Zu den Gegenständen: Überlege dir genau, was du tust, wenn sie nicht auf das gewünschte Thema kommen. (Unwahrscheinlich, aber kann passieren.)
Ich würde nicht zuerst das Gespräch führen und dann quasi die gleiche Aufgabe auf dem Arbeitsblatt nochmal stellen.
Wasser ist ein absolut alltägliches Thema. Die Kinder könnten selbst überlegen, wozu sie Wasser brauchen mit dem Arbeitsblatt. Dazu die Tippkarten für Kinder ohne Ideen.

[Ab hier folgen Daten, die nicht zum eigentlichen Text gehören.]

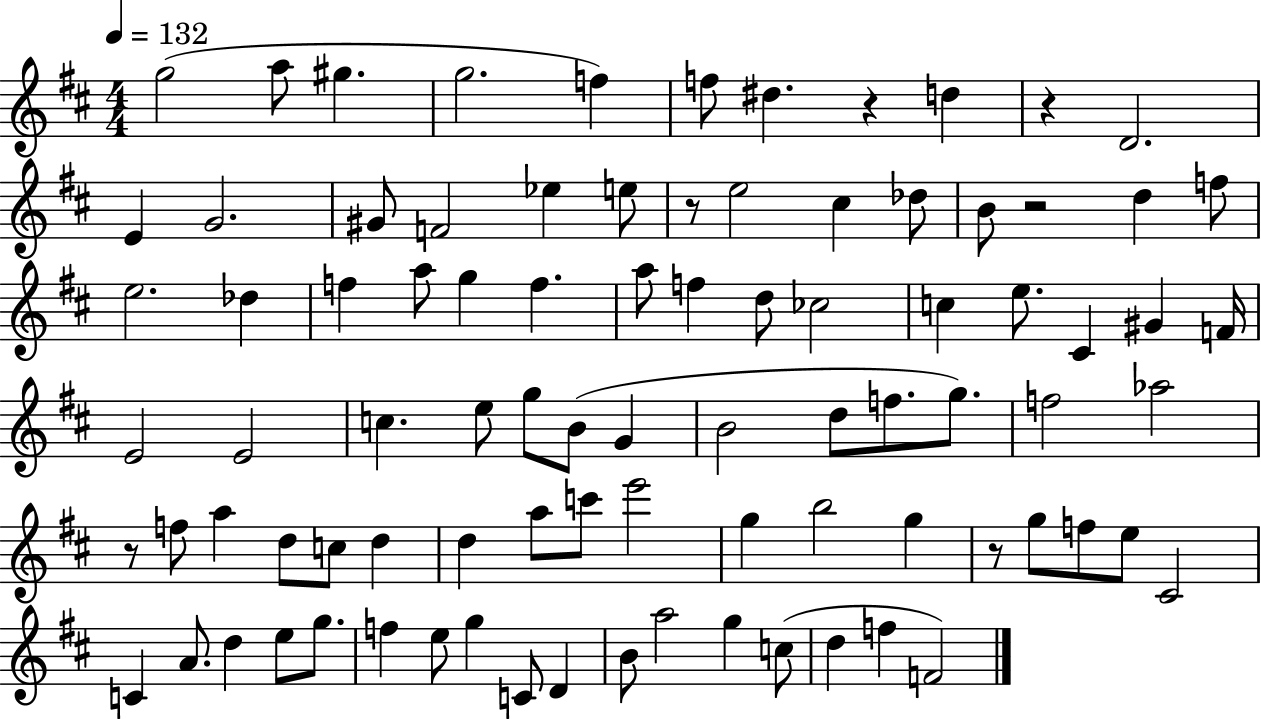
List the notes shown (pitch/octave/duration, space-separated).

Anschließend Zusammentragen der Ergebnisse an der Tafel mit deinen Bildkarten. Ggf. könntest du immer abfragen "Wer hatte das auch? Das hat zwei Gründe. Zum einen kommt sonst 20mal das gleiche, zum anderen hast du diesen Aspekt der Bedeutung des Wassers für das eigene Leben damit thematisiert, wenn nämlich die Kinder sehen, wie viele Kinder sich melden. Dann solltest du aber auch darauf hinweisen: "Schaut mal, wie wichtig das für die Menschen ist, so viele Kinder haben sofort daran gedacht."
Achte darauf, hier auch einen Schlussstrich zu ziehen und nicht alle aufrufen zu wollen, die sich melden. (Oder jeder darf sich nur 2mal melden). Wenn diese Phase zu lang wird, musst du mit Unruhe rechnen.
Ergebnissicherung: Jedes Kind wählt ein bis 2 Alltagssituationen aus, an die es selbst nicht gedacht hat und ergänzt sein Blatt?
Zitat
Die Schüler lernen das Element Wasser und seine Bedeutung für das Leben kennen.
Das ist mir zu unkonkret, das führt weit über die Stunde hinaus. Vielleicht "für das eigene Leben"?